§ EXERCISE INSTRUCTIONS: Without including any pictures, copy every line below exactly.

§ DATA EXTRACT:
= = = = = = =
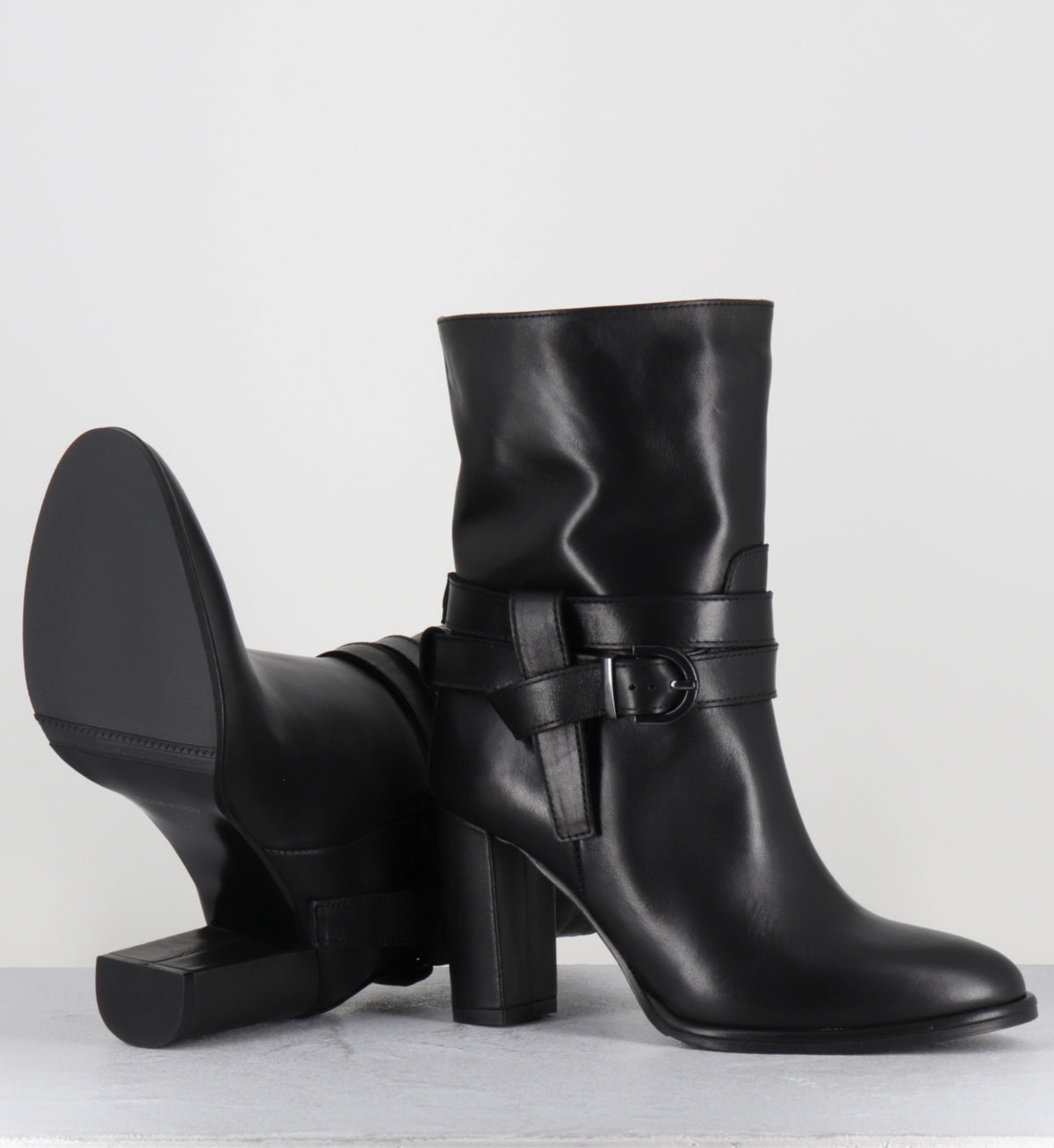 Boots à talon en cuir noir - CASORI VIT SOFT NERO
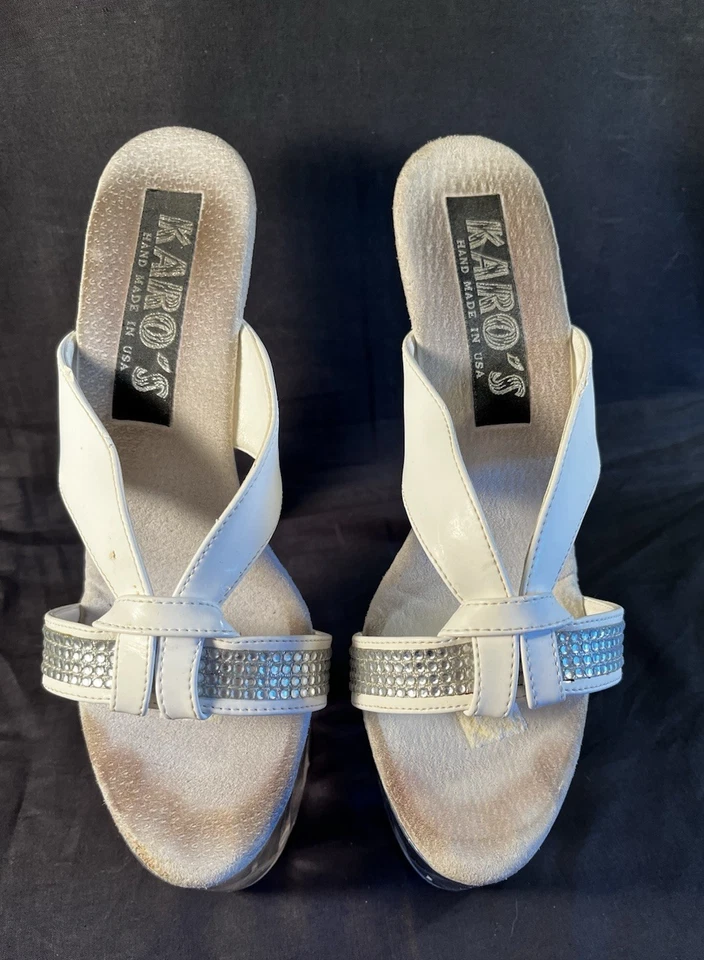 Plataforma 7 pulgadas Stiletto Stripper Tacones Talla 7 Blanco/Claro/Estrás DEFECTOS LEER Foto 2 de 4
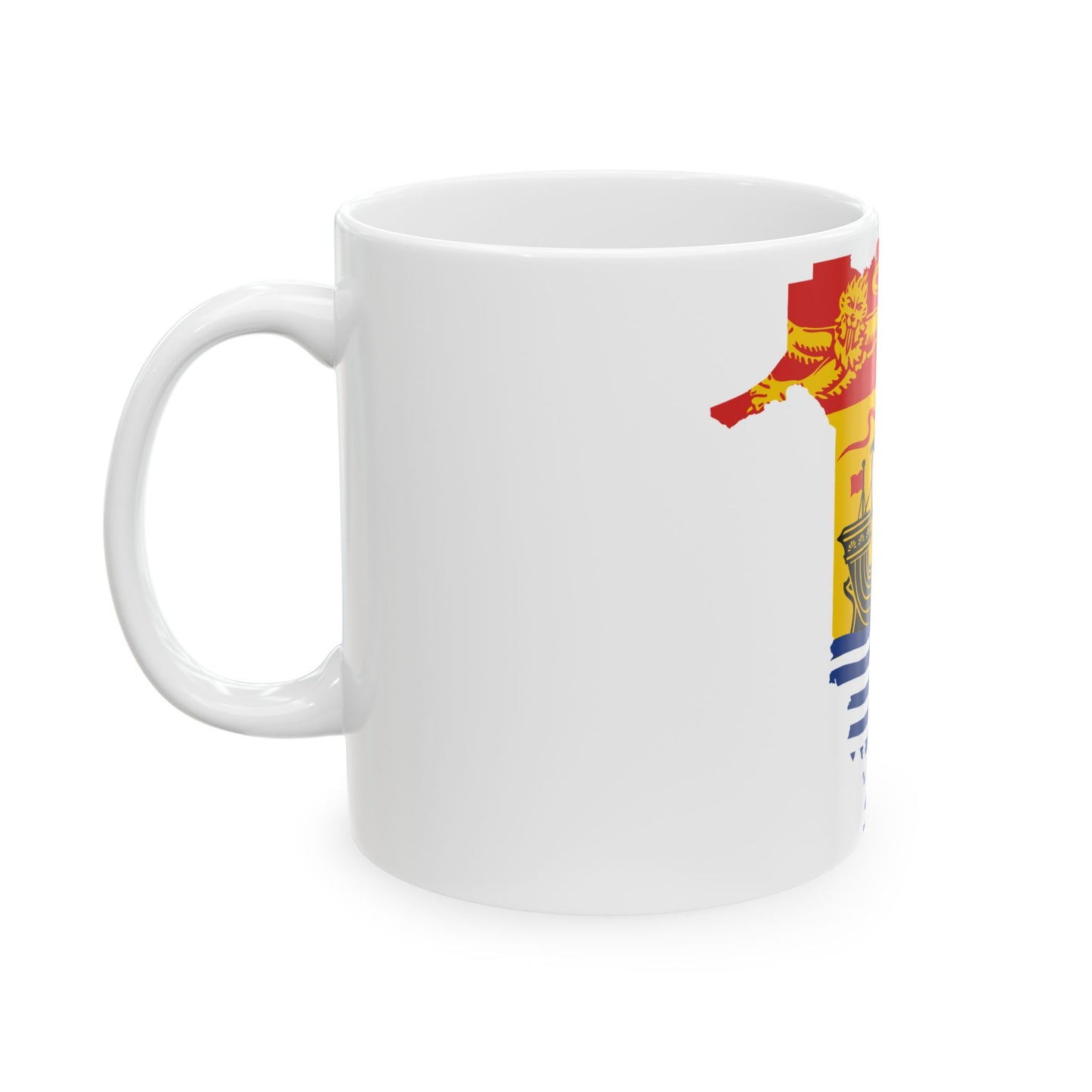 Flag-map of New Brunswick (Canada) White Coffee Mug-Go Mug Yourself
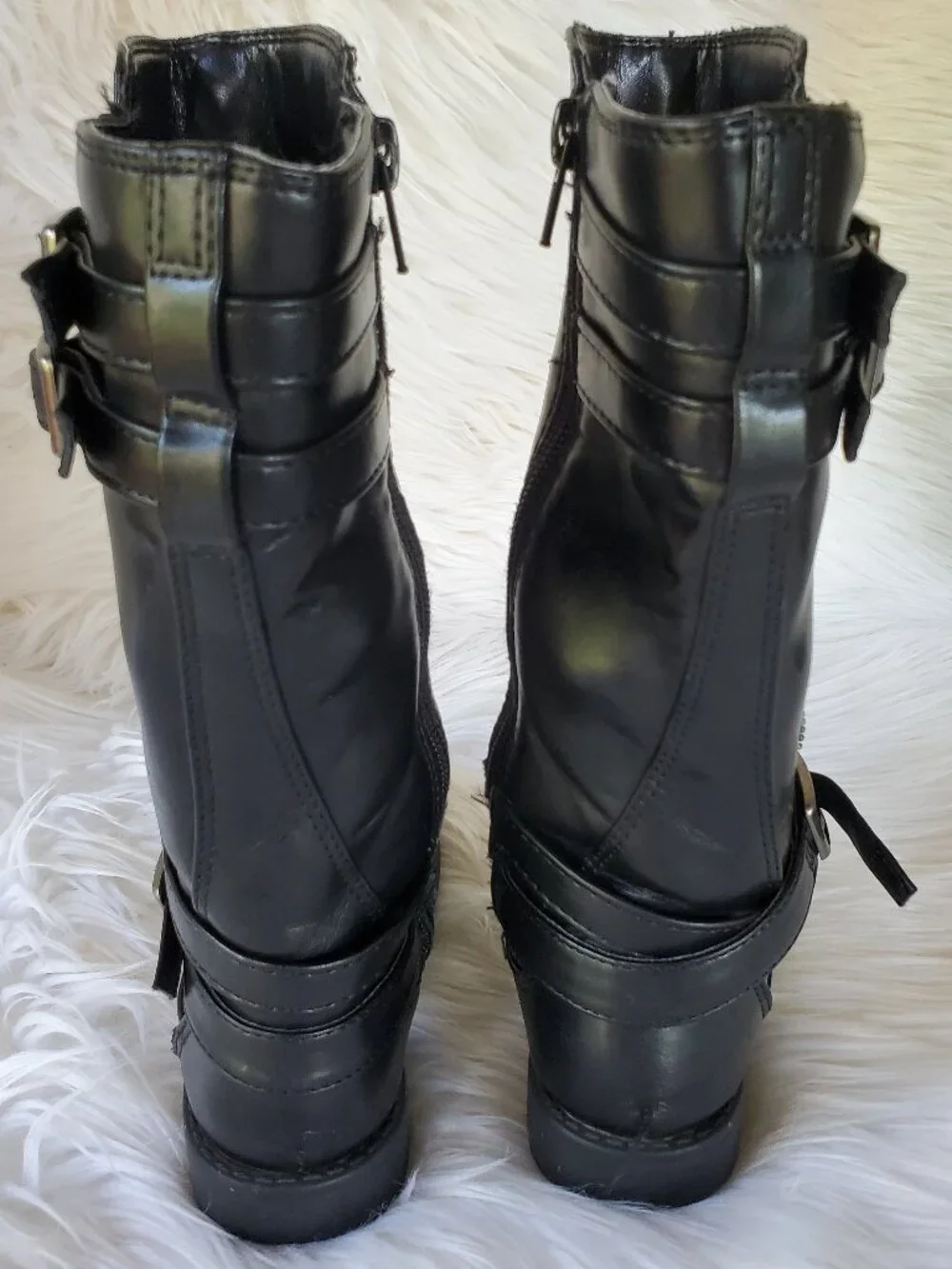 Dream Paris Black Girl's Mid Calf Moto Decorative Buckle Straps Boots SZ 10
= = = = = = =
§ RESPONSE TO THE TASK:
 Boots à talon en cuir noir - CASORI VIT SOFT NERO
 Plataforma 7 pulgadas Stiletto Stripper Tacones Talla 7 Blanco/Claro/Estrás DEFECTOS LEER Foto 2 de 4
 Flag-map of New Brunswick (Canada) White Coffee Mug-Go Mug Yourself
 Dream Paris Black Girl's Mid Calf Moto Decorative Buckle Straps Boots SZ 10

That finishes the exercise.